Opinion / Wang Hui

Official inefficiency turns tourist site into lost paradise

By Wang Hui (China Daily) Updated: 2015-07-30 08:03

Official inefficiency turns tourist site into lost paradise

Qiu He, deputy head of the Yunnan Provincial Committee of the Communist Party of China, is investigated. [Photo/IC]

My recent trip to Kunming in Southwest China's Yunnan province was quite disappointing: the food was exotic and delicious, and the climate pleasant, but I did not enjoy them. The greedy local tourism industry and the failure to treat the polluted Dianchi Lake, China's sixth-largest freshwater lake, have eroded my interest in this famous tourist destination.

Thanks to its beyond-description natural beauty and round-the-year mild weather, Kunming is known as "the city of spring". Although my journalist career has taken me to many places around the country, I had never set foot on this wonderland. Yet after joining a one-day organized tour to the famous scenic spot Stone Forest and taking a self-service trip to the Dianchi Lake the following day, I felt like going straight back home. As they say, the more one expects, the more one could be disappointed.

We found the only way to the Stone Forest was to join a one-day trip, because there is no convenient public transport to cover the distance of about 80 kilometers. Advertisement leaflets at the hotel lobby indicated such a trip could be unreasonably cheap. So we booked one such that cost only 100 yuan ($16.1) per person and set out at 8 am the next day.

It turned out to be my worst tourist experience in years. The trip included two one-hour visits to shopping centers in the morning, a simple lunch around 1:30 pm, one-and-half-hours of Stone Forest sightseeing, which is far from enough for the stunningly beautiful UNESCO World Heritage Site, and another one-hour shopping center visit in the afternoon.

I ended up buying some 2,000 yuan worth of jewelry, which I hardly needed, on the plea of the guide who said her income depended largely on the commission from tourists' spending. Unreasonably cheap trips are the main problem plaguing the domestic tourism market, and Yunnan has been on top of the tourist complaint list for that. This time, we experienced it firsthand.

Though the local tourist watchdog has repeatedly pledged to crack down on such cheap trips, a video showing a guide from a Yunnan travel agency lashing out at tourists for not spending enough was leaked during the May Day holiday; such clips have frequently revealed the chaotic tourism sector in the province.

Having learned a hard lesson at the Stone Forest, we decided to take a self-service trip to the Dianchi Lake the next day. The public transport was adequate and cheap, but the scenery was a letdown. Because of industrial pollution, the lake water is thick with blue algae, and occasionally one could see dead fish floating on its sickeningly greenish surface. Years ago I wrote an opinion piece about ,treatment in the lake, but not much seems to have changed.

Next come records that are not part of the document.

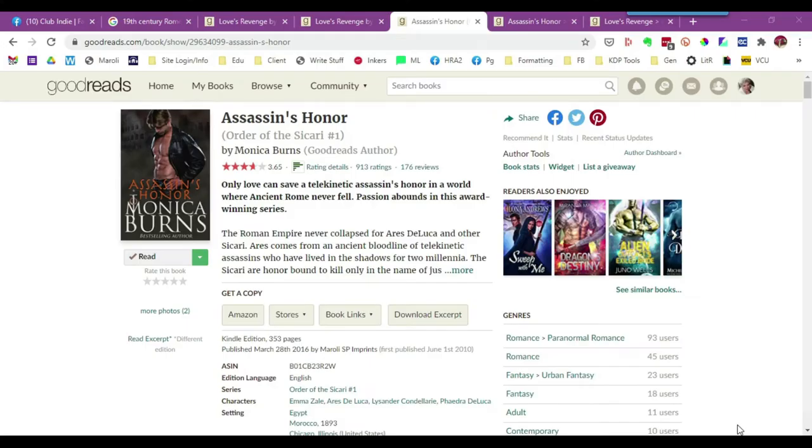Hi, this is Monica Burns with Morelli Design Services. This is a short tutorial on how to change out your cover on Goodreads for a new cover. So let's get started.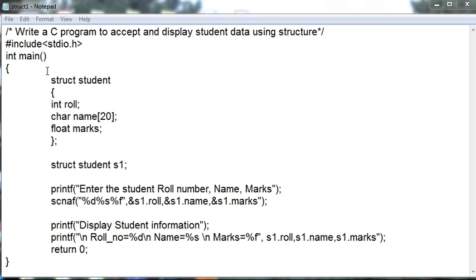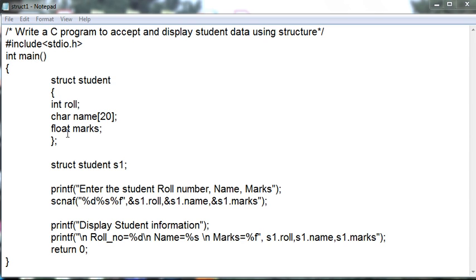For this program, we have defined one structure as student. Struct student, in this int role number, character name, and float marks. This is one structure.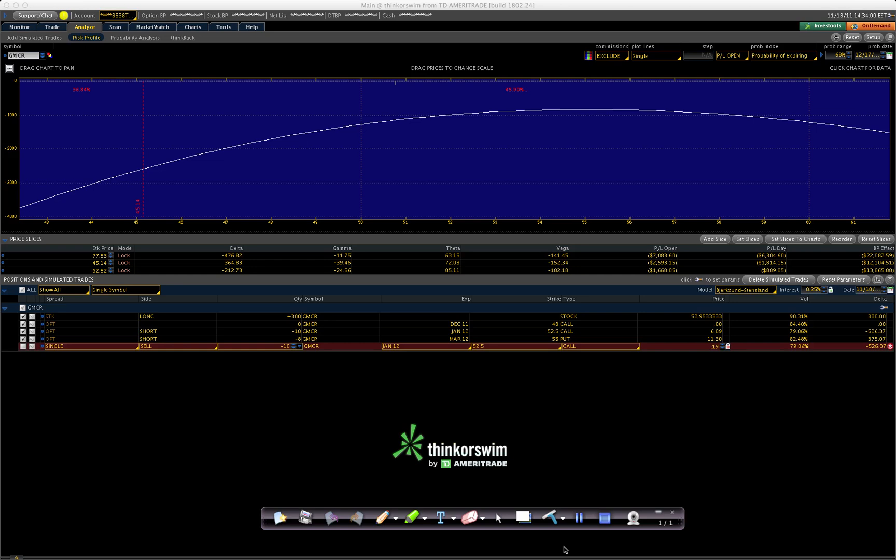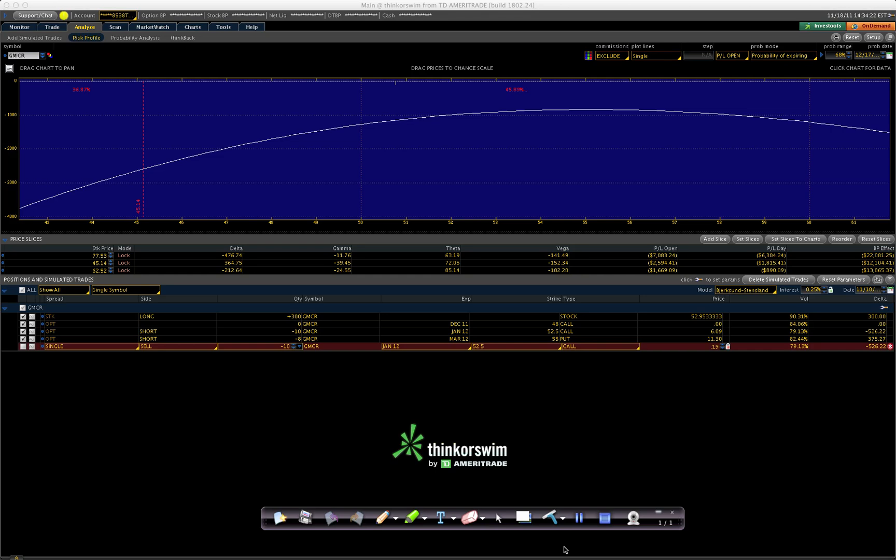Anybody who uses Thinkorswim's risk profile to analyze what an options trade looks like after they've completed a roll to a future month or to a different strike price knows that the chart no longer represents your overall position because it doesn't take into account any profit or loss that you incurred before making the roll. So here's an example.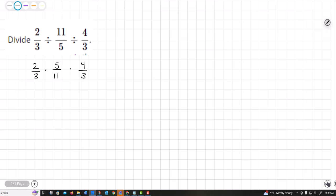Now from here, you can just multiply straight across. You also can look to see if anything cancels and I'm not really seeing anything.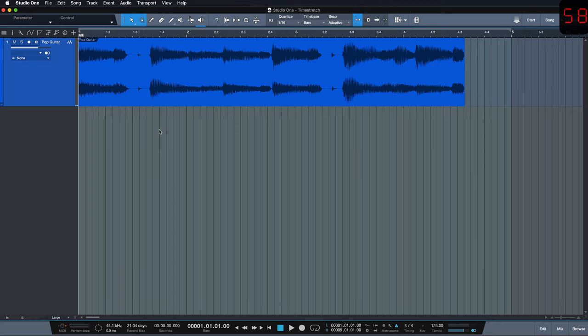In this example here I have my song set to 125 bpm and I'm working with a guitar loop that's a lot faster than this. Have a listen.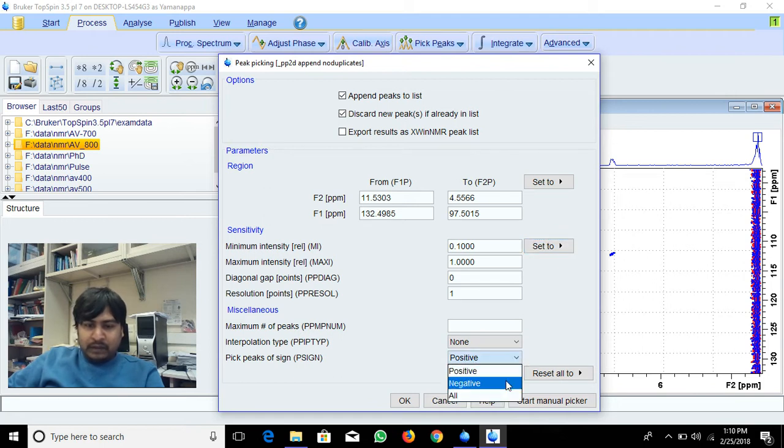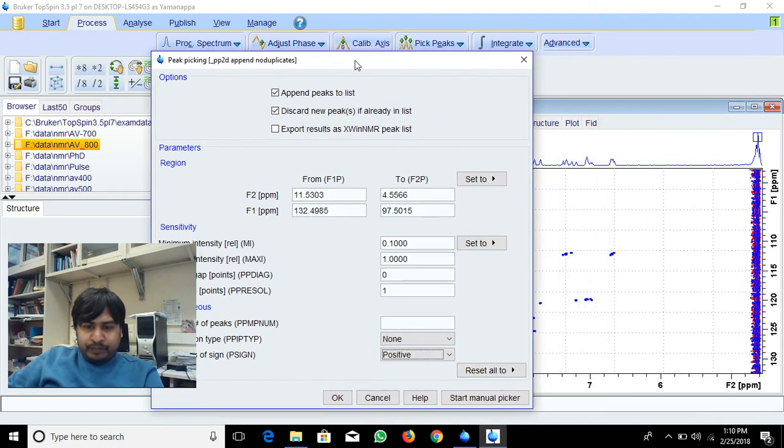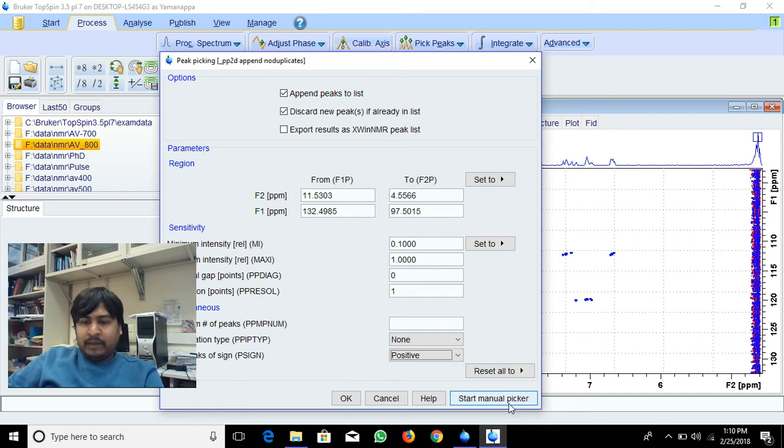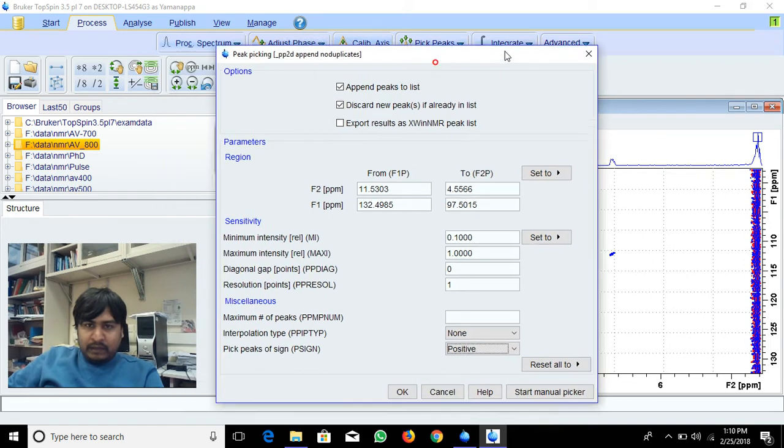When you click here it will execute. Also, if you start manual picker, it will pick manually. You can try that and see what happens next. Okay, so it started.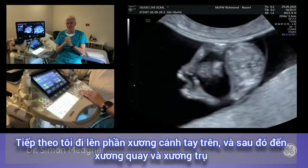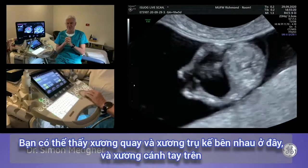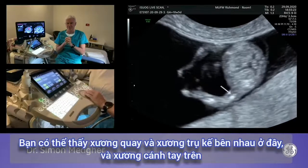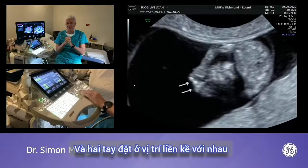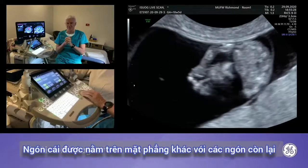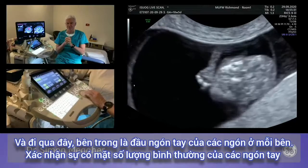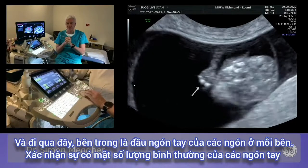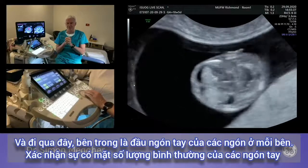Moving up to the humerus, then onto the radius and ulna visible side by side. The hands are held juxtaposed to each other. The thumb is held in a different plane to the digits of the fingers. Coming across, you can see the little tips of the digits on each side, confirming the presence of a normal digit count.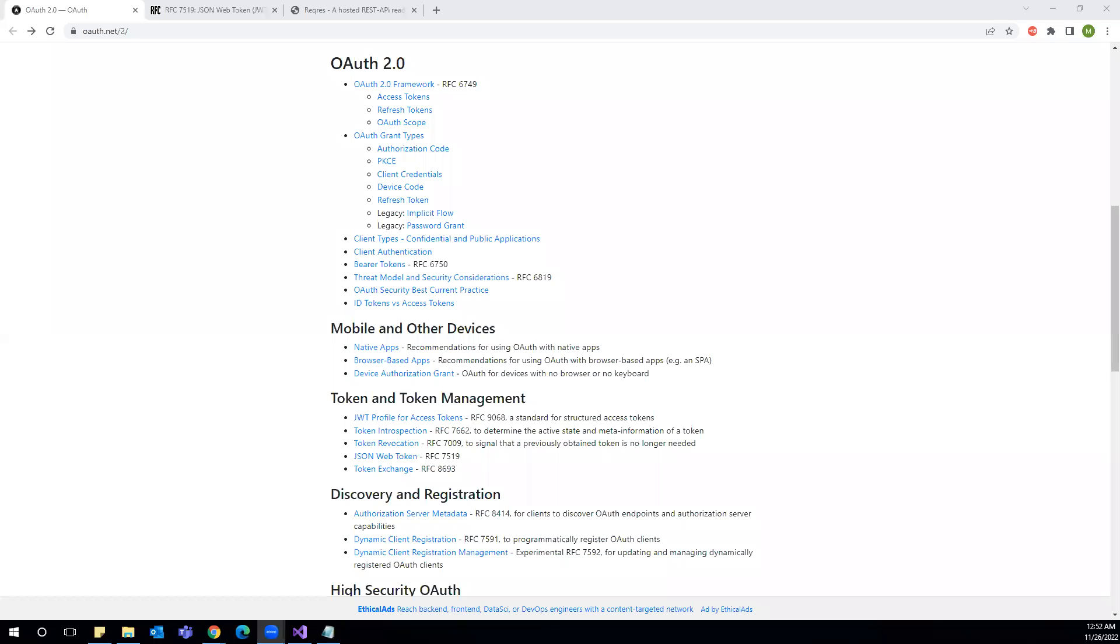In this section, we are going to talk about authentication, how we can authenticate our REST API request.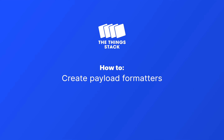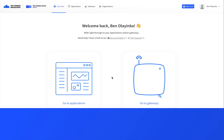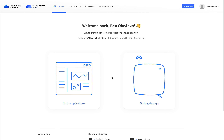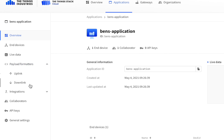Payload formatters allow you to easily convert binary data into human readable JSON. To create a payload formatter, go to the Applications tab and choose your application. In the left-hand menu, you can set an application-wide uplink or downlink payload formatter.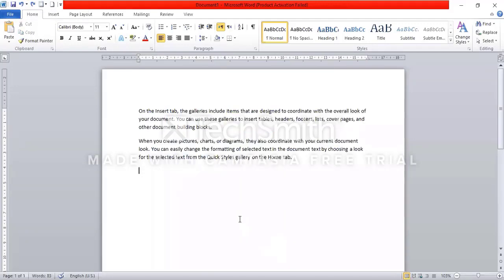If you want to use a list, you can use a list like this. This pre-order is the same as the set size, so you have to do a list.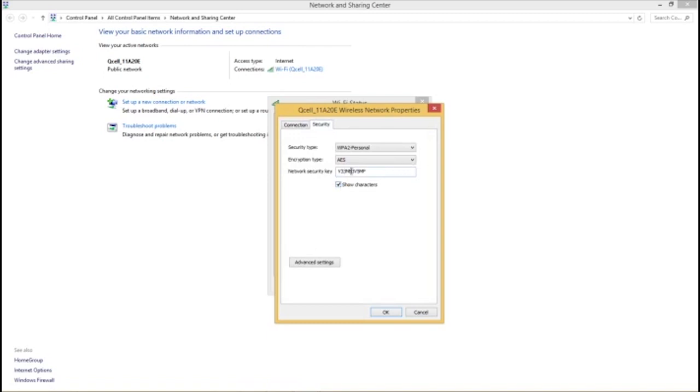you can see, your password is now visible. So this is how you can get your password on your laptop. Thank you for watching.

Media reports say in the five years starting from 2011, provincial authorities have pledged to spend 28.6 billion yuan ($4.6 billion) for the comprehensive treatment of the lake's polluted water. It appears the huge amount of money is going to waste.

In the ongoing national anti-corruption campaign, Yunnan has been seriously hit with several former high-ranking provincial-level officials being ferreted out for "serious violations of Party discipline and laws". Though there is no direct link between these officials and the local problem-laden tourism industry or the province's inefficiency in cleansing the lake water, there is little doubt that the fallen officials failed to deliver quality public services and good governance.

They have also set a bad example in the province's officialdom and contaminated the working style of local officials. All these have had a negative impact on various aspects of society, including creating disorder in the tourism sector and exacerbating the environmental problems.

Maintaining a clean government and improving public services are two important duties that officials in provinces like Yunnan need to fulfill, and fulfill in time.

The author is a senior writer with China Daily.